[Records from a collection]
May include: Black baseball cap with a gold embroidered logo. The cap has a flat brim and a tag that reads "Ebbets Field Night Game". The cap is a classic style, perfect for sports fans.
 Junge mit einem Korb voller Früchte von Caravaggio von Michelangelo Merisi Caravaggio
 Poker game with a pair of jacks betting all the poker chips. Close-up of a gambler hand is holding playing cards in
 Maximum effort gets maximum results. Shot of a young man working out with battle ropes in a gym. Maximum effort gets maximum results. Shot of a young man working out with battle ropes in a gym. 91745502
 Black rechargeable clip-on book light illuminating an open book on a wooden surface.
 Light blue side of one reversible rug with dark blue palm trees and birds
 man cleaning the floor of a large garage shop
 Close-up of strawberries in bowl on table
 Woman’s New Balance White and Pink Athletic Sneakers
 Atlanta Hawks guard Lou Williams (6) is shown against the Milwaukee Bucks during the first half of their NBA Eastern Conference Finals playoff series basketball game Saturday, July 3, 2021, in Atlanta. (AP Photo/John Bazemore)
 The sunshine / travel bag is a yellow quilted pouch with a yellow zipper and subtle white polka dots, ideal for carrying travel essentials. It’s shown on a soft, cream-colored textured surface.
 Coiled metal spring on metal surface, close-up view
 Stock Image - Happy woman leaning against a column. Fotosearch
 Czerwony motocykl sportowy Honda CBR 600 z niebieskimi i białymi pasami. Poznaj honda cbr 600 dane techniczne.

- _Task directions_: Transcribe exactly, and only, the lines from the opening line of the records through the line containing "Poker game with".

- _Output_:
May include: Black baseball cap with a gold embroidered logo. The cap has a flat brim and a tag that reads "Ebbets Field Night Game". The cap is a classic style, perfect for sports fans.
 Junge mit einem Korb voller Früchte von Caravaggio von Michelangelo Merisi Caravaggio
 Poker game with a pair of jacks betting all the poker chips. Close-up of a gambler hand is holding playing cards in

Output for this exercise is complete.